Chapter One: Scene 1: Bernadette

Bernadette Lyall reaches out one skinny purple-pyjama-covered arm to shut off her alarm clock. Now it is official. The school year has begun. While she was asleep, it was still summer, but now it is 7:00 and a new term beckons. Actually, it doesn't beckon, it grabs her and drags her forward like a big dog on a leash.

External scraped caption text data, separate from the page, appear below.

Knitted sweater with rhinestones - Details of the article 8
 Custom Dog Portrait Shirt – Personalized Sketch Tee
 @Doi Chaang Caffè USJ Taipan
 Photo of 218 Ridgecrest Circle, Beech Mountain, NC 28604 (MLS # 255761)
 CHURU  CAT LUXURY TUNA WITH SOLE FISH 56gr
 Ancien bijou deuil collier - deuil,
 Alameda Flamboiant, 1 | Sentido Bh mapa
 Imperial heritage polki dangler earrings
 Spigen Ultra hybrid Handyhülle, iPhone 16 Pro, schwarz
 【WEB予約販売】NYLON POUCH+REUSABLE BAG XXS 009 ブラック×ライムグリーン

New school: Schuyler Colfax Middle School. New teachers, new classmates. They'll have to take a bus to get there. Six stops. And the school is so big -- you could fit the entire population of Kim Campbell Elementary into one of the new corridors. She hopes she'll be able to get the two of them from classroom to classroom without losing their way.

The two of them. Bernadette Lyall and Charles Fairmile. Bernie and Charlie. Inseparable since kindergarten. Of course he'd be lost without her, but she can't imagine school without him either. Bernadette sits up straight and pushes her hair off her face. There's a lot of hair to push. Bernadette's hair is like the wall in the song -- so high, you can't get over it, so wide you can't get around it. Dark as night, and almost as scary. She slides out of bed without rumpling the covers. Her clothes are laid out from last night: black top, black pants, black socks. All her clothes are black, except her underwear. It is white. Mom doesn't believe in little girls wearing black underwear.

"It makes you look like a tramp," she said last month in the neighborhood discount store, a converted movie theatre down the block from their apartment building.

Bernadette hates that store. The aisles are sticky from thirty years of chewing gum and spilled soda. Fat moms paw through ripped plastic bags, and yell at their children, who ignore them. The smell of chemical disinfectant mixes with old popcorn and cigarette smoke. They have shopped there as long as Bernadette can remember.

"Aw, Mom," she said. "No one will see it."

"Says you."

"And anyway, you wear black underwear, Mom."

"So?"

Bernadette stares at herself in the cracked bathroom mirror: skin and bones and freckles, a button nose, and hair that won't stay combed. Oh, well.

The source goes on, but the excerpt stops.